Des scientifiques maltais apprennent à l’ordinateur à faire atterrir les avions en toute sécurité

Les données de milliers de vols « appris » par ordinateur pourraient rendre les vols plus sûrs et plus efficaces pour les compagnies aériennes.

 

Une équipe de recherche de l’Université de Malte a mis au point un programme informatique qui peut aider les avions à atterrir en toute sécurité en tirant parti des données de milliers de vols de la base de données de la NASA.

Le projet de recherche Smart Flight Data Monitoring (SmartFDM) de l’Institute of Aerospace Technologies utilise des techniques d’apprentissage automatique pour analyser les données enregistrées et permettre aux ordinateurs d’apprendre automatiquement sans intervention humaine ni assistance humaine directe, d’importants volumes de données à un rythme rapide.

Les scientifiques espèrent que, grâce au traitement de la surveillance des données de vol (FDM), ils pourront améliorer l’efficacité opérationnelle d’une compagnie aérienne et même prévoir les problèmes de sécurité avant que cela ne devienne un problème.

«Lorsque des vols dont les modèles sont anormaux ou incompatibles avec le reste de l’ensemble de données sont mis en évidence, ceux-ci font l’objet d’une enquête plus approfondie, ce qui permet d’identifier le cœur du problème.

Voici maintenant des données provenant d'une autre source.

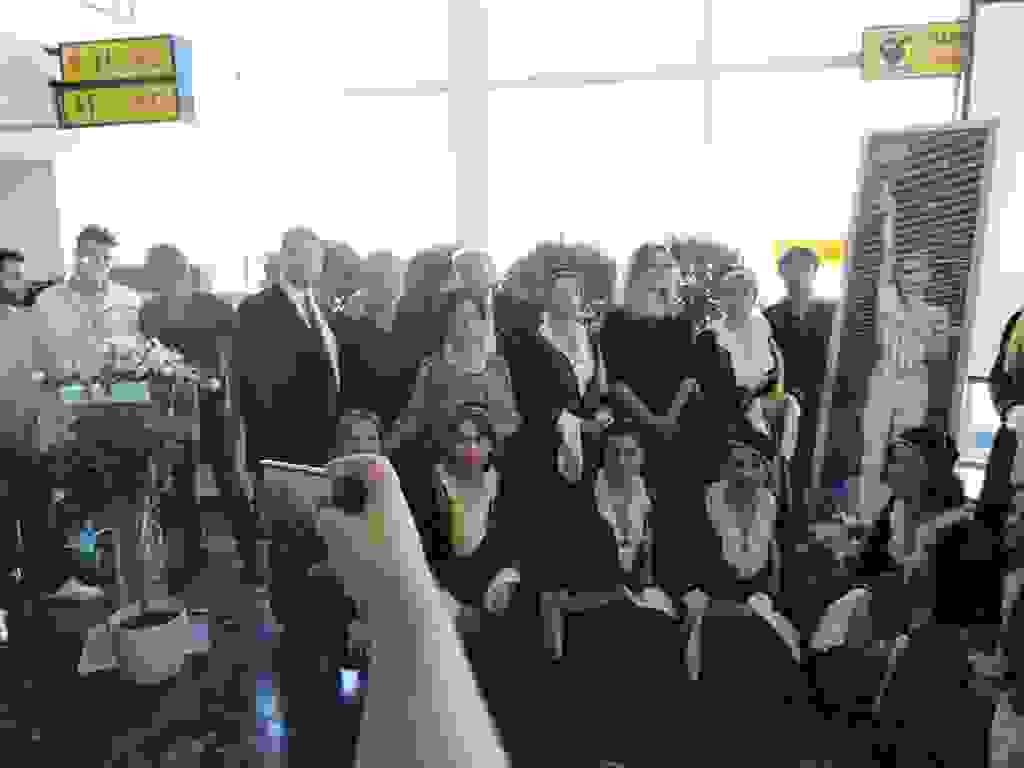 DSCN0013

 L’équipe de recherche à l’origine du projet a constaté que cette approche rend l’analyse des données de vol plus efficace et de nature plus prédictive », a déclaré l’Université de Malte.

Tous les avions commerciaux sont équipés d’appareils d’enregistrement de données de vol qui capturent une multitude de paramètres de vol à diverses fréquences pendant la durée du vol. Les données de vol enregistrées à bord de l’aéronef sont généralement téléchargées et analysées hors ligne par les compagnies aériennes, principalement pour surveiller les performances et le fonctionnement de leurs aéronefs. Une analyse en temps opportun peut aider à améliorer l’efficacité des vols et à réduire la consommation de carburant et l’empreinte carbone, ainsi que les coûts de maintenance et d’assurance.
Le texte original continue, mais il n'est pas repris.